The LAPA8 case is an interesting precedent that shows what happens with analysis of accidents in complex systems (e.g. either on a railway line or on an airline). The (JIICA, 2000; CFCP reg. N° 46.2014.4, 2014) report points out that the accident is produced because the pilots forgot to flap down. The pilot and co-pilot died in the accident so, as different from railway accidents, they could not be accused. However, they may bear responsibility for the catastrophic event. The report thoroughly focuses on the personal and professional characteristics, as well as on the personal difficulties of both individuals pointing out the usual lack of discipline during flights. In reference to this matter, it is important to include Amalberti’s perspective49 who describes high risk systems as from the actions of the individuals at work. The author considers that error mechanisms have been given excessive importance in order to explain the failures of the operator, and that it really explains much less than it seems. Therefore, he proposes a cognitive model that allows the understanding of intelligence and fragility of cognitive commitments of the operators in ordinary work situations and work dynamics to guarantee safety and performance. He also proposed analyzing the breaking causes of commitment as regards high technological systems of LAPA case. In parallel, the aim of this model is not to inquire about the breakup of cognitive commitment in LAPA case; the managers of this organization are not considered responsible parts. LAPA Director and the general manager were acquitted of the case even though they were charged for not complying with the appropriate activities and duties (e.g. conditions of the planes, lack of professional authorized licenses or expired licenses of the pilots, fulfilled amount of flight hours of the pilots, lack of training, manuals that do not accomplish aircraft industry requirements)9 and, consequently, determining the cause of the accident. Finally, the co-responsible parties were the Flight Line Chief and the Flight Line Operations Manager who were sentenced.

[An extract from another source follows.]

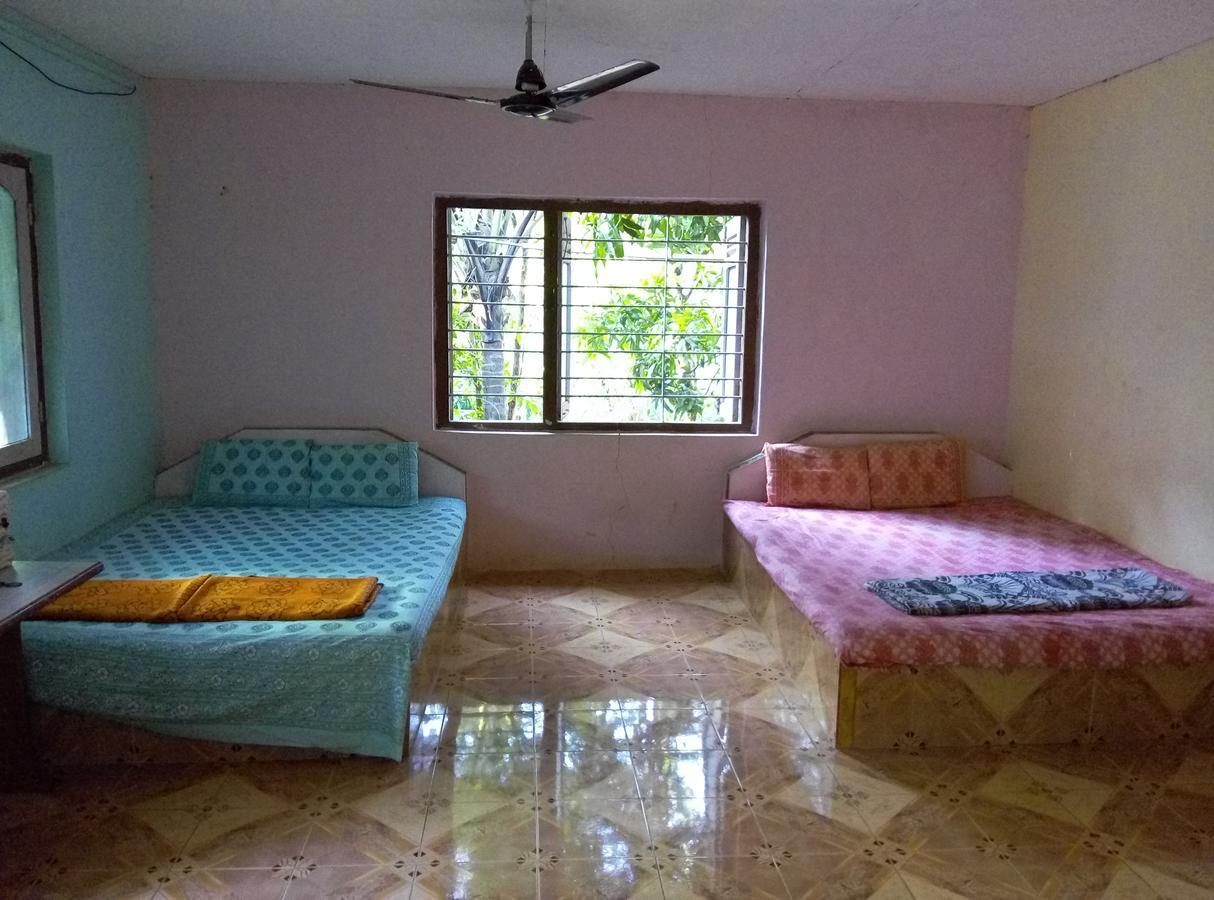 Om Shree Bed And Breakfast Harihareshwar Exterior photo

Two railway accidents in metropolitan lines
Pursuant to State Reform Law N° 23.696, all railway lines were granted in concession. As regards metropolitan railways, they were granted in concession achieving a triple alliance of essential individuals composed by local economic groups, foreign and local banks and/or transnational corporations.31 Once granted in concession, even though the first years the companies managed to recover a percentage of passengers and to improve the services frequencies, after the crisis in 2001, it was passed the Railway Emergency Law which cut off all works, jobs and planned works provision. This Law also eased the predefined sanction system for concession holders. At that time, it also ceased the rate of services accomplishment so the rails maintenance, the rolling stock and the railway infrastructure as whole were suspended as from the enforcement of this law. The two accidents chosen for illustrating this topic correspond to two metropolitan lines under concession (i.e. San Martin and Sarmiento lines). The concession of the first one was discontinued after recurrent non-fulfillments from the company. 50
The accident in San Martin line: on February 16th, 2011 at about 19:00 hours a railcar from “Ferrobaires” departed from “Retiro” station of the Autonomous City of Buenos Aires. The final destination was Junín city, Buenos Aires Province. The train crashed into the back part of the local train of General San Martin line between “San Miguel” and “José C. Paz” railway stations. The 3443-local train of passengers of San Martin line managed by UGOFE10 headed Retiro station from José C. Paz. On the other hand, Ferrobaires’ train departed from Retiro station at 18:15hs to Junín. Ferrobaires crashed into the back part of the former one. The (N° 9076) locomotive crashed into the last goods wagon of the train that belonged to the “General San Martin” line. The accident lead to two fatalities and many wounded people. The next day, once photographs and primary expertise activities were carried out, it was made an ocular inspection of the signaling system.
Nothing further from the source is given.